Assigned task ▸ With the pictures left out, copy the records below exactly from the first line down to the line holding "And then you", and include that line.

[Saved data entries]
Segment Open

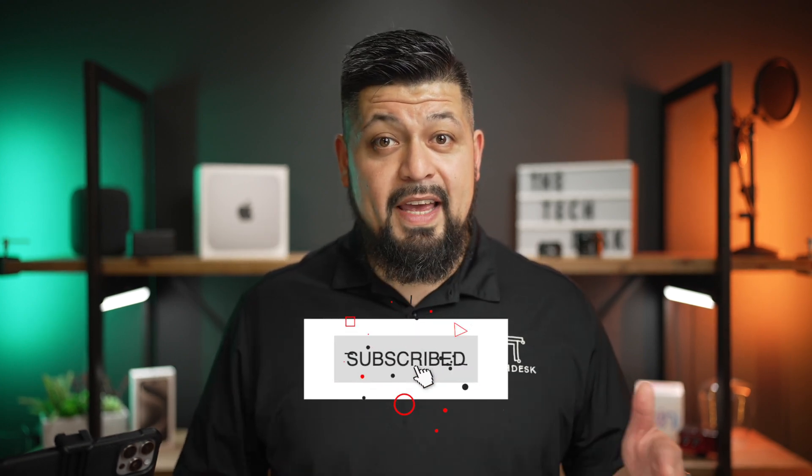That's it for today's guide on backing up your iPhone — simple, right? With these steps, you can ensure that your data is always saved. If you found value in this video, I'd be thrilled if you could help me reach my first 1,000 subscribers by hitting that subscribe button. Please stay tuned for more simple guides for your iPhone. Thank you so much for watching, and I'll catch you in the next one.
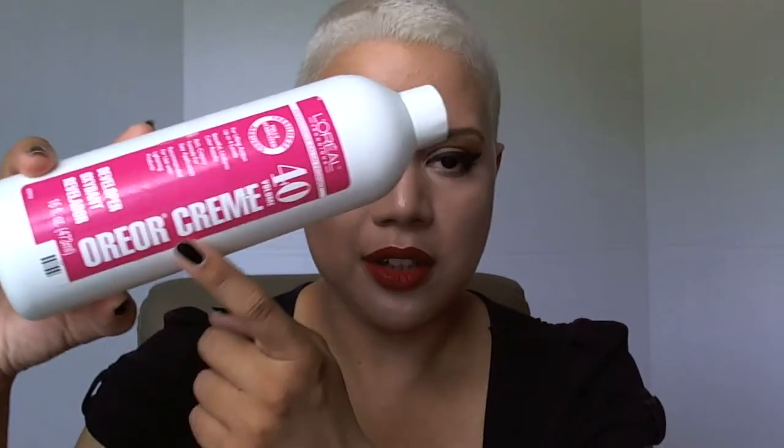And then you need cream developer. This one is L'Oreal — this is their Oriore cream, and I use Volume 40. I'll tell you why in another video.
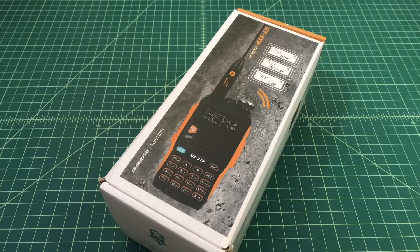Alright folks, so what we have here is a new radio, or new to me. It's a Baofeng GT3TP and the TP stands for triple power. What I want to do in this video is unbox this, take a look at what it ships with. We're going to do some range testing, some audio testing, and then we're actually going to hook this up to a power meter and test the watt outputage.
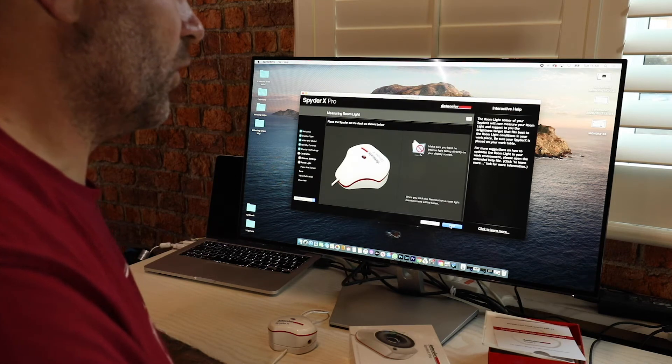Make sure you have no intense light falling directly on your display screen — well, I've got one light above me but we should be all right. Once you click the next button, a room light measurement will be taken. Room light is very high — why did I know that! This level is not recommended; if you must work in these conditions, use a monitor hood, umbrella or photographer's cloak, then calibrate the display to maximum brightness. So let's accept recommended settings and see what it tells me to do. The application will take a few measurements and then wait for you to adjust the brightness control, so it looks like I've got to manually adjust the brightness as well.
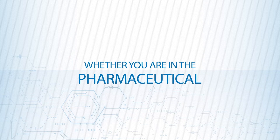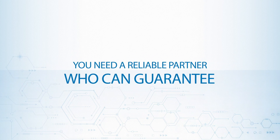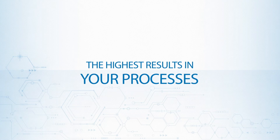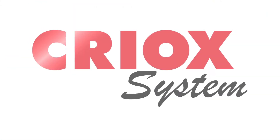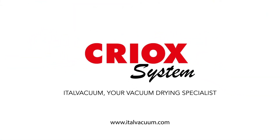Whether you're in the pharmaceutical or fine chemical industry, you need a reliable partner who can guarantee the highest results in your processes. The CREOX system from ITAL Vacuum — your vacuum drying specialist.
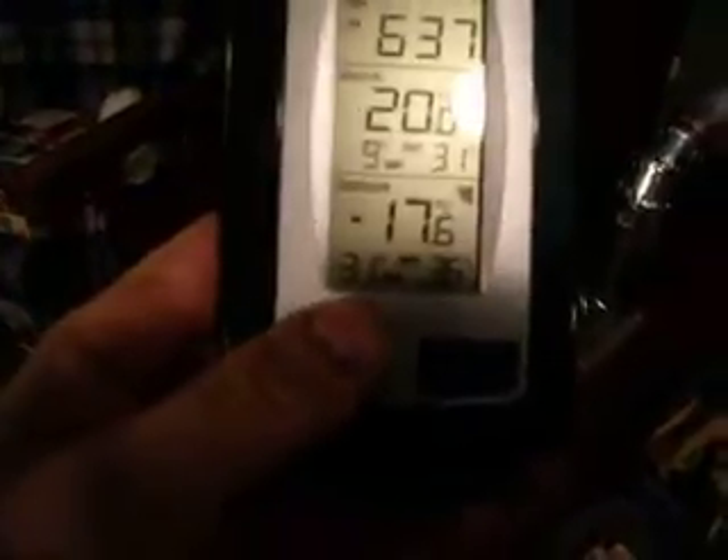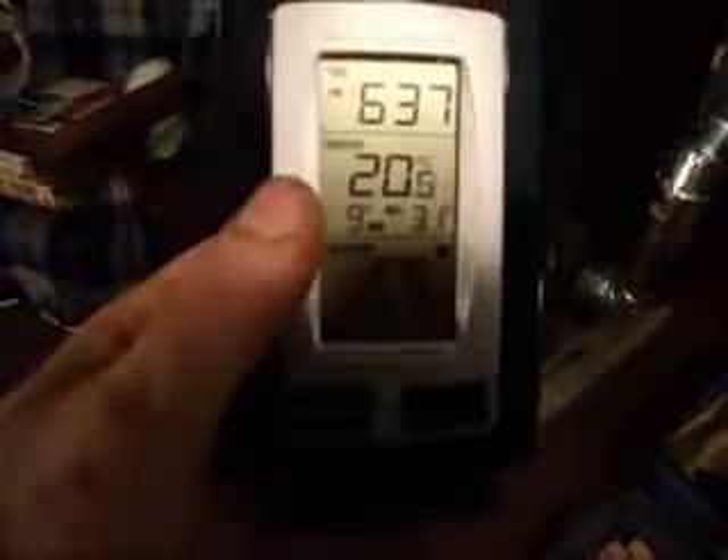Hey guys, Eastern Ontario. Look at this guys. So now we're at night, same day though. Minus 17 outside. This is with no wind. With the wind it must be close to — very windy anyway.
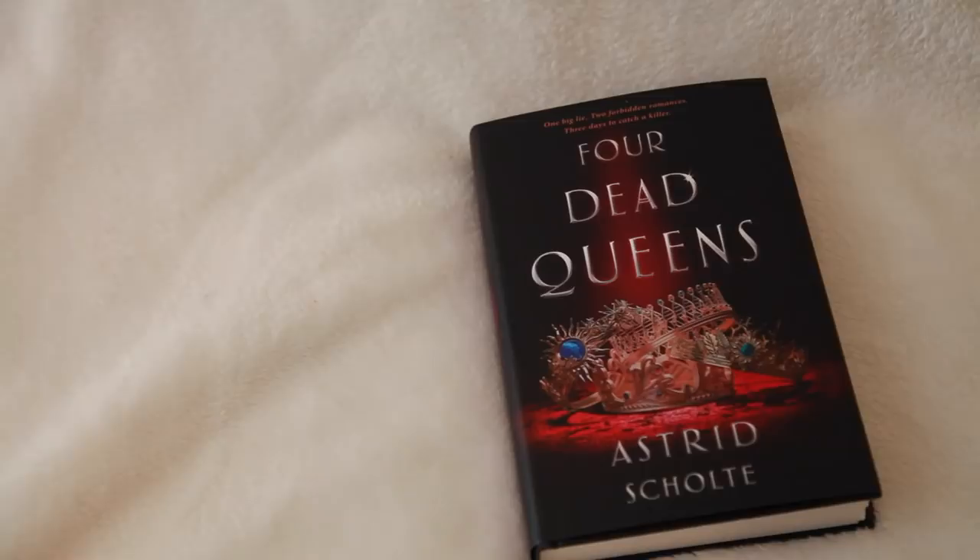Four Dead Queens by Astrid Schulte. I have actually, for one time ever — probably for Alcrate — already read this. This came out in February, I believe. I read it and I did not love it as much as I wanted to, but it was interesting. I do believe this is a standalone YA fantasy book, which I love — so I feel like I don't have to continue on with a series. The cover is more bluish on the original, but this version is very pretty. It is signed — that's awesome.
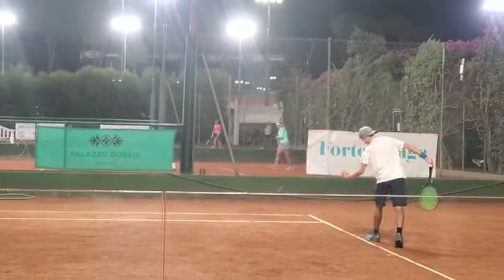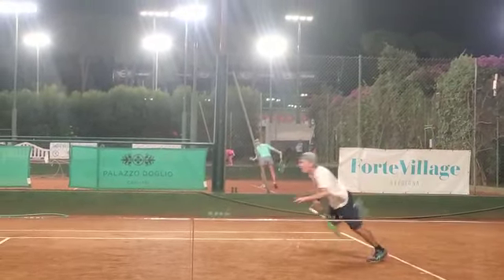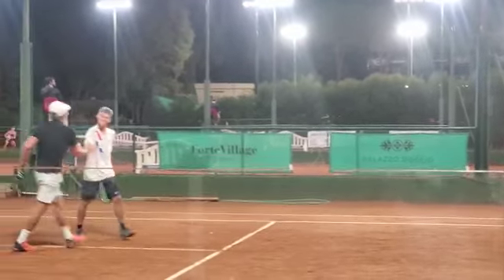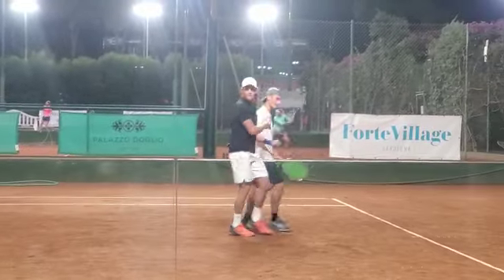I've been filming through that window, probably not as clean as it could be. First serve in up the line — a little too soft. The kid was able to get on top of it. 15-30.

Segment Closed

Solution to the exercise ▸
That's it for today's guide on backing up your iPhone — simple, right? With these steps, you can ensure that your data is always saved. If you found value in this video, I'd be thrilled if you could help me reach my first 1,000 subscribers by hitting that subscribe button. Please stay tuned for more simple guides for your iPhone. Thank you so much for watching, and I'll catch you in the next one.
And then you need cream developer. This one is L'Oreal — this is their Oriore cream, and I use Volume 40. I'll tell you why in another video.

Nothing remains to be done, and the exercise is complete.